Tra le ombre che popolano l’alba della seconda guerra mondiale, le sorelle Laura e Kate Barlow – Natalie Portman e Lily-Rose Depp – lasciano gli Stati Uniti per reinventarsi una vita nel Vecchio Continente, in quell’Europa che si sogna garanzia di un rinnovamento ma non è ancora pronta ad abbandonare i fantasmi del passato, e sul cui futuro aleggiano le minacce xenofobe di un conflitto imminente.
Un passato che, per le due giovani donne, sembra essere incentrato unicamente sulla loro professione di medium, attraverso sedute spiritiche che offrono a un pubblico attratto dalle novità, fino all’incontro con il produttore cinematografico Korben, alla ricerca di spunti avanguardisti che possano rivoluzionare la propria arte e al tempo stesso ansioso di entrare in contatto con frammenti di memoria e presenze che ancora lo ossessionano. In un susseguirsi di voci, pettegolezzi e turbamenti, Laura tenta di addentrarsi nei meandri degli oscuri trascorsi del fascinoso produttore, rischiando di incrinare il rapporto, fino a quel momento protettivo e simbiotico, con la giovanissima sorella.

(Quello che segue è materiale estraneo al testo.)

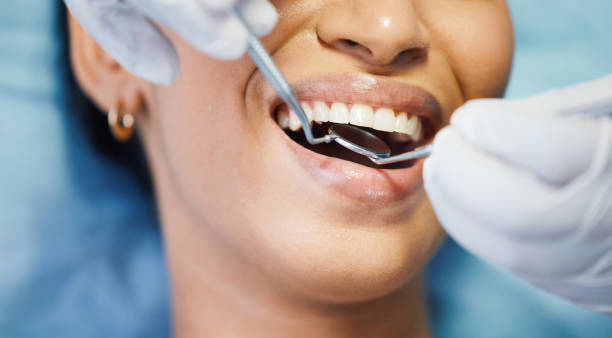 Best Emergency Treatment for Dental Infections or Abscesses in Chattahoochee Hills, GA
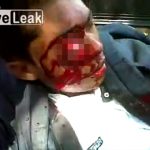 【閲覧注意】バイク転倒した男性、右目が飛び出てしまったグロ動画。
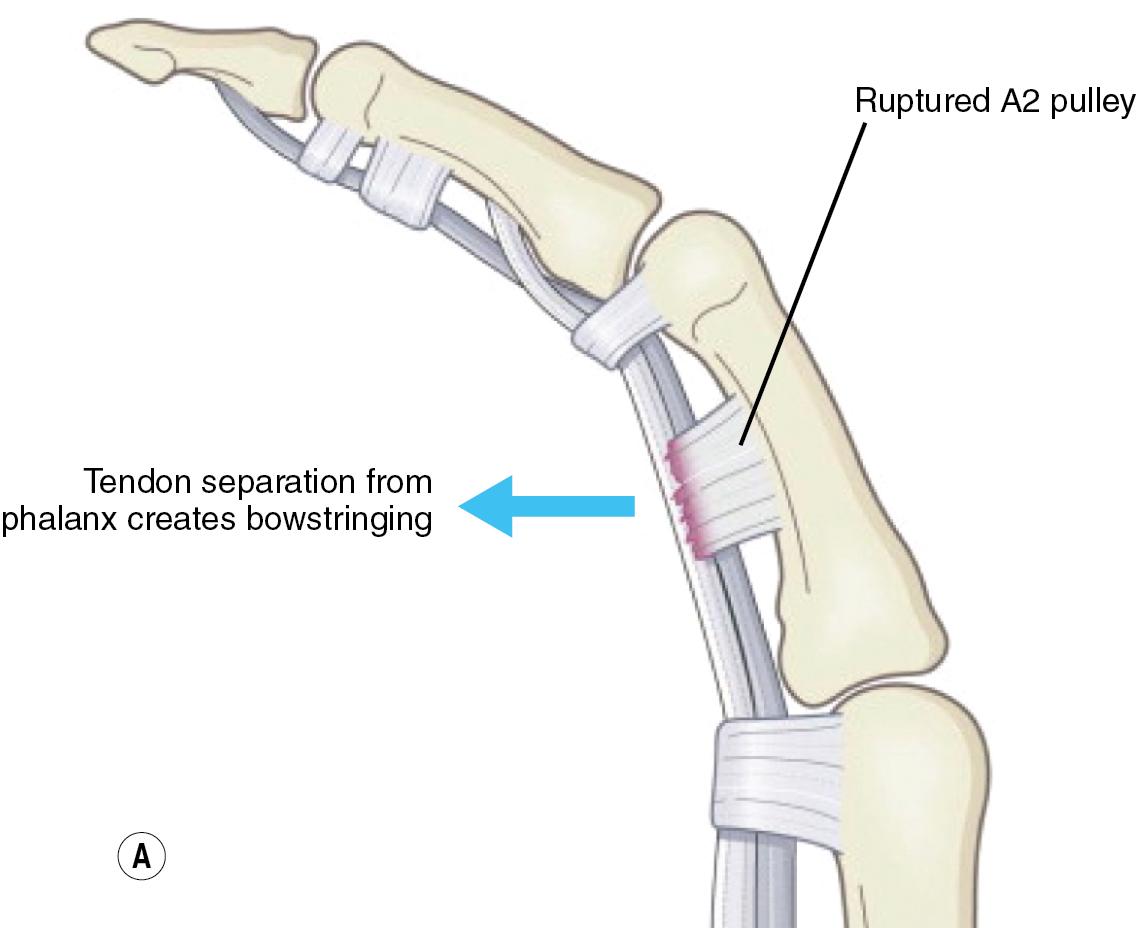 FIGURE 80.2, (A–B) Tendon bowstringing.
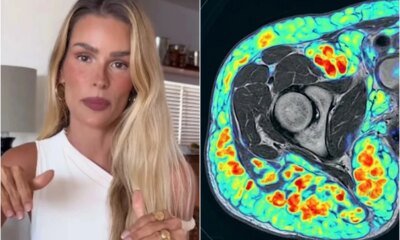 Corpo de Yasmin Brunet sofre com sintomas preocupantes de doenca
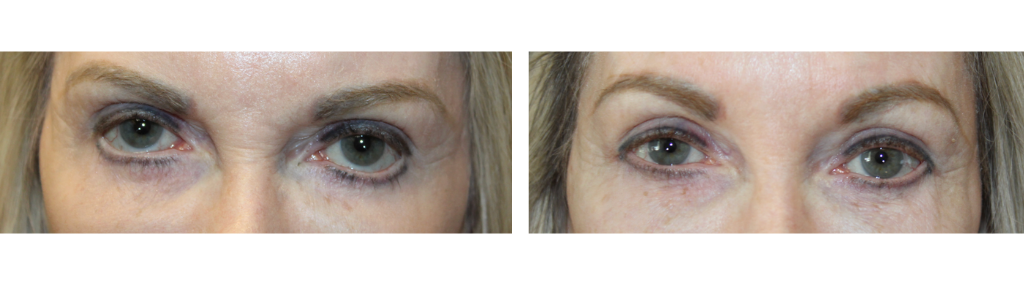 Rafailov - Eyelid Repair Procedure - 4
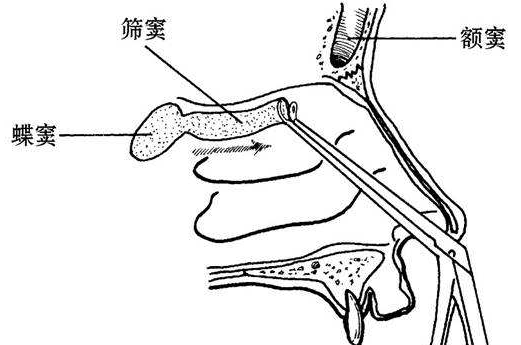 鼻疖的发病病因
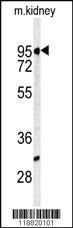 Anti-MME Rabbit Polyclonal Antibody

Se alcune sfumature psicologiche delle due esuli protagoniste finiscono per perdersi nel doppiaggio italiano – entrambe le attrici hanno infatti recitato in francese nella versione originale –, Planetarium mescola in maniera brillante fiction ed elementi tratti da vicende realmente accadute. Da un lato, le Barlow rappresentano un omaggio alle tre sorelle Fox, medium americane precorritrici del movimento spiritista ottocentesco, che l’autrice ha scelto di trasporre alla vigilia del secondo conflitto mondiale. Dall’altro, la fine di Korben (in yiddish, il sacrificato), costretto alle dimissioni dalla propria casa di produzione in quanto ebreo, fa da eco finzionale all’epurazione del vero produttore Bernard Natan, protagonista di una sorta di “affare Dreyfus” d’ambito cinematografico. Natan, inoltre, aveva fondato il proprio studio presso quella che adesso è la sede de La Fémis, celebre scuola di cinema parigina presso cui si è formata la stessa Zlotowski…
L’amalgama di elementi reali e di fiction funziona, e la Zlotowski sceglie felicemente di trasportare la storia delle sorelle in un periodo carico di tensioni politiche e razziali, lasciando campo libero al destino subìto da Korben/Natan. Ma alla sua opera terza, presentata alla scorsa edizione della Mostra del Cinema di Venezia, la regista sembra restare vittima di una maniacale messa in scena in cui ogni singolo dettaglio – l’agreste e patriottico canto della Marsigliese a seguito di una gara sportiva, l’uso posticcio di mascherini a iride – suona come il tentativo di ergersi a simbolo, a marcatore temporale di un momento storico ben preciso. Planetarium finisce così per rimanere vittima di un didascalismo fine a se stesso e di tradursi (e ridursi) in specchio, in imago, in quelle stesse ombre di un tempo e di una figura perdute che si cercano (invano?) di evocare e impressionare sulla pellicola messa a disposizione da Korben, costi quel che costi.
Nonostante l’indubbia padronanza del soggetto e l’originale intrecciarsi delle piste narrative, la sceneggiatura della Zlotowski con Robin Campillo (autore, tra le altre cose, di Les revenants, presentato sempre a Venezia nel 2004, da cui la serie TV francese diretta da Fabrice Gobert) sembra non riuscire a contenere la sovrabbondanza della materia e a restituire un’effettiva coerenza alla narrazione, vanificando l’epilogo di una miscela votata all’eccesso, ridondante e arzigogolata. Il sottotesto politico, gli spettri di un passato scomodo, la seduzione ipnotica di uno spiritismo giunto da oltreoceano, la bramosia di rigenerazione di due sorelle che si muovono in un ambiente a loro del tutto sconosciuto finiscono quindi per scivolare lentamente sotto gli occhi dello spettatore mancando di trovare un punto di convergenza sul finale.
A risultare maggiormente sacrificata è la stessa riflessione metacinematografica: in un’epoca in cui il cinema viveva desideri di metamorfosi, Korben cerca compulsivamente di impressionare l’oltre-reale e l’oltre-mondano, ma proprio nella sua patina di mondanità Planetarium sciupa le trame trasparenti di quello che vuole essere un film animato da misteri – siano essi immanenti o soprannaturali -, con i suoi tentativi sin troppo palesi di pedinare e ricalcare forme e maniere di un’epoca, rimescolando le tracce messe a disposizione dalla Storia che si arenano in un’ossessione figurativa che toglie afflato vitale alla vicenda e ai suoi personaggi.